During the debates, Smuts used his knowledge of both military and legal aspects, of government, and of academia, to guide the delegation. His mastery of English, Afrikaans, and Dutch allowed him to speak before others, and, unlike at Bloemfontein, no one spoke over him. Smuts' dominance allowed the doves' sentiments in the Transvaal delegation to win. Francis William Reitz, tabled a compromise, ending the war, allowing the two republics limited sovereignty, and calling for slimmed-down delegations to meet in Pretoria to negotiate with the British. Reitz knew that the British would reject the proposal, but he also knew that the greatest stumbling block to a resolution wasn't the deputation from London, but that from Bloemfontein. Thus, the Transvaal needed to buy time, with smaller parties involved, to negotiate fully with the Free State representatives.

At Pretoria, the British deputation was led by Baron Kitchener and Baron Milner, who were of significantly different opinions. Smuts and Kitchener had mutual professional respect, and talked alone, avoiding the interjection of administrators, such as Milner. Moreover, both Kitchener and Smuts had seen the futility of the war. Bilaterally, Smuts and Kitchener negotiated a settlement that suited the Free State representative, de Wet.
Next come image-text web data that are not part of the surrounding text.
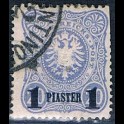 http://morawino-stamps.com/sklep/6892-large/kolonie-niem-imperium-osmaskie-turcja-turkiye-3a-nadruk.jpg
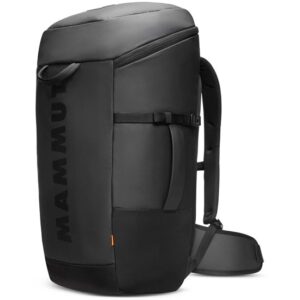 Mammut Neon 45
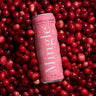 Cranberry Cosmo Mocktail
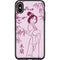 Disney Mulan Character Art Otterbox Symmetry iPhone Skin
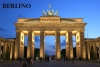 Berlino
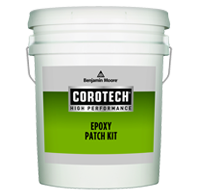 Epoxy Patch Kit Epoxy Patch Kit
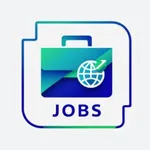 GoRemote: Work from home Jobs icon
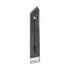 Ruger Mark I 9 Round magazine (UFYR)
On 31 May 1902, the Treaty of Vereeniging, a document that was mostly written by Smuts and Lord Kitchener on their own, was signed by representatives of the United Kingdom, the Orange Free State, and the South African Republic. This provided for the end of hostilities and eventual self-government to the Transvaal (South African Republic) and the Orange Free State as British colonies. The Boer republics agreed to come under the sovereignty of the British Crown and the British government agreed on various details.